- Exercise requirements
All lines from the one containing "Aoshima 1/700 Waterline" through the final line of the records below should be reproduced exactly, with the pictures left out.

- Record set

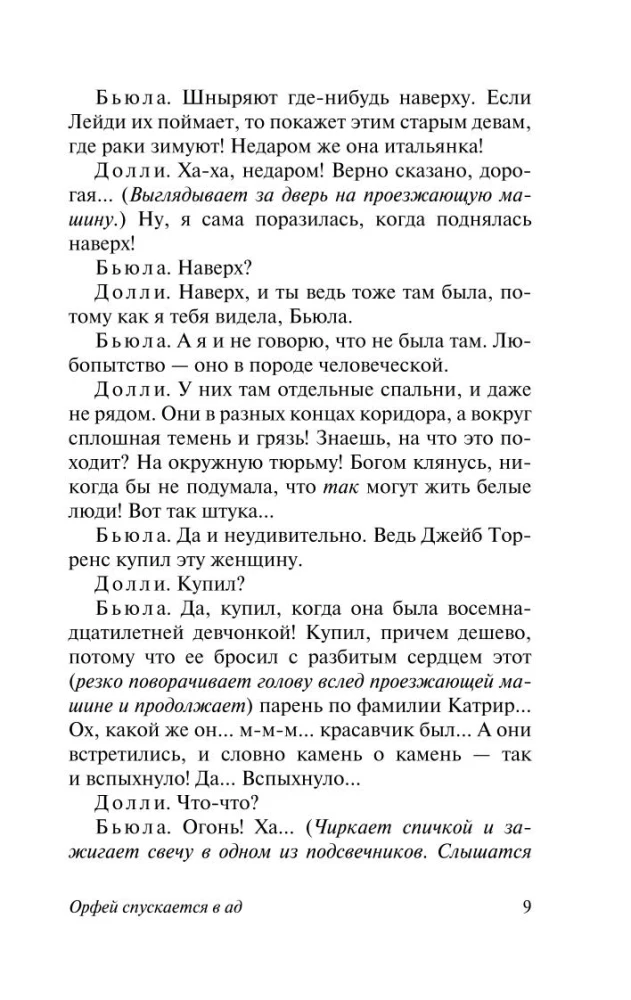 Orpheus Descending. Sweet Bird of Youth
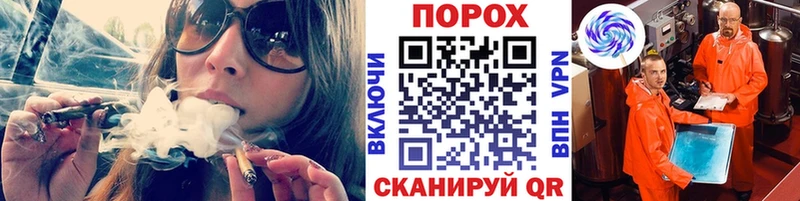 мориарти какой сайт Нарьян-Мар Метамфетамин винт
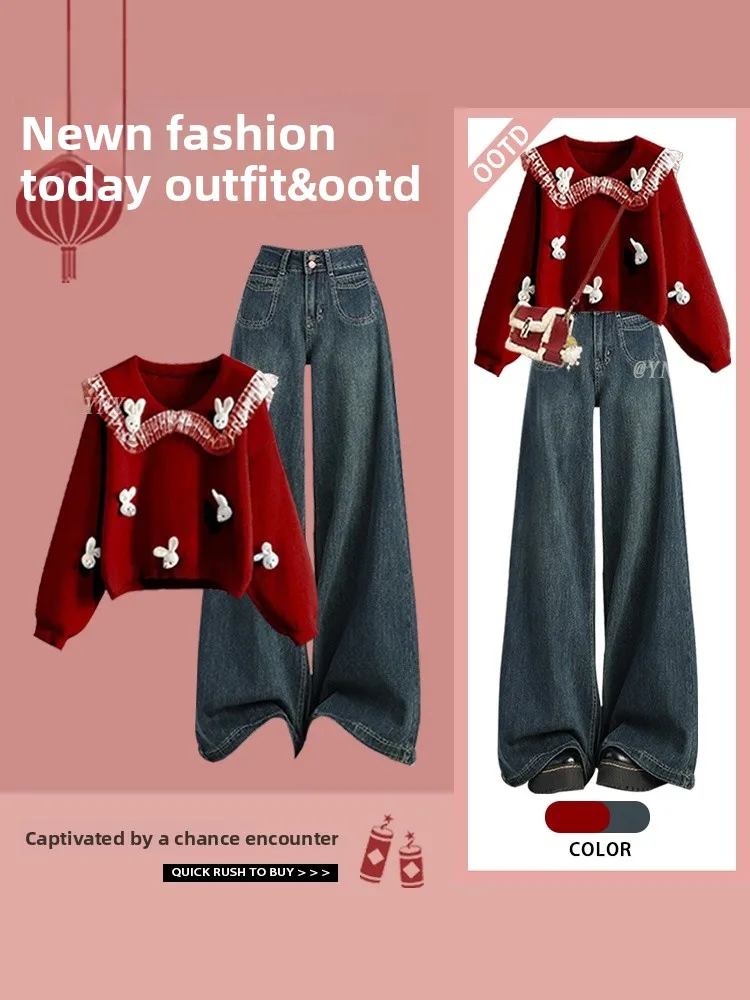 

Red New Year Sweater College Sle Winter Clothes 2026 New Korean Design Slimming Straight Leg Jeans Autumn Winter Faion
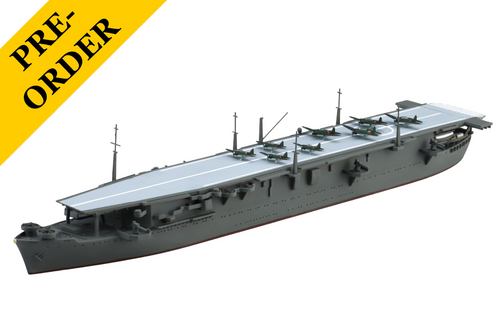 Aoshima 1/700 Waterline #207 Japanese Navy Air Craft Carrier Taiyo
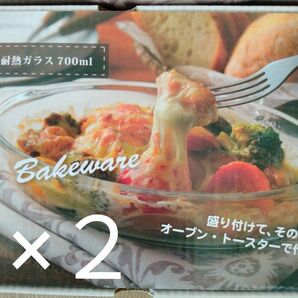 *新品未使用*2個セット*オーブン対応耐熱ガラス*700ml*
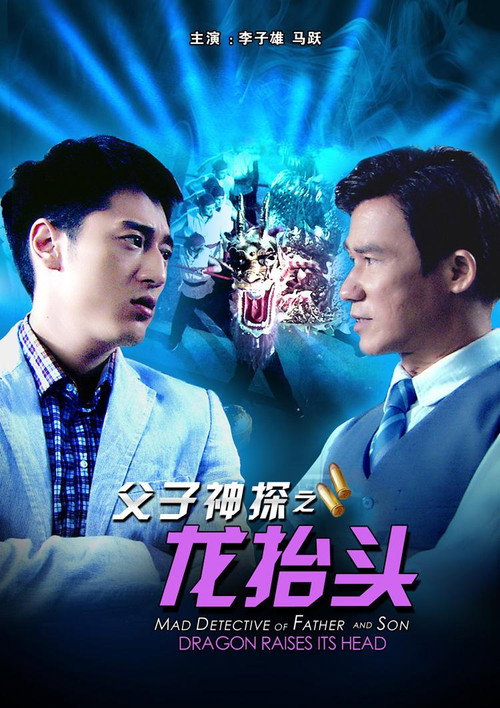 Movie poster for Miraculous Detectives Father and Son: Dragon Raises Its Head (2012)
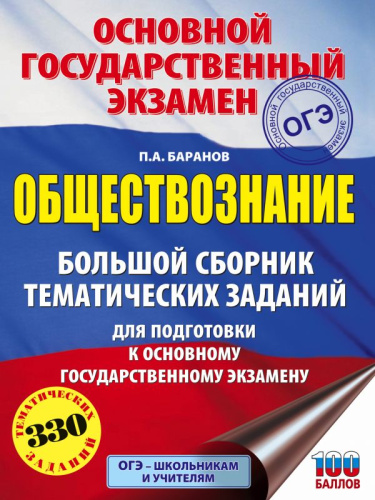 ОГЭ Обществознание. Большой сборник тематических заданий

- Solution to this exercise
 Aoshima 1/700 Waterline #207 Japanese Navy Air Craft Carrier Taiyo
 *新品未使用*2個セット*オーブン対応耐熱ガラス*700ml*
 Movie poster for Miraculous Detectives Father and Son: Dragon Raises Its Head (2012)
 ОГЭ Обществознание. Большой сборник тематических заданий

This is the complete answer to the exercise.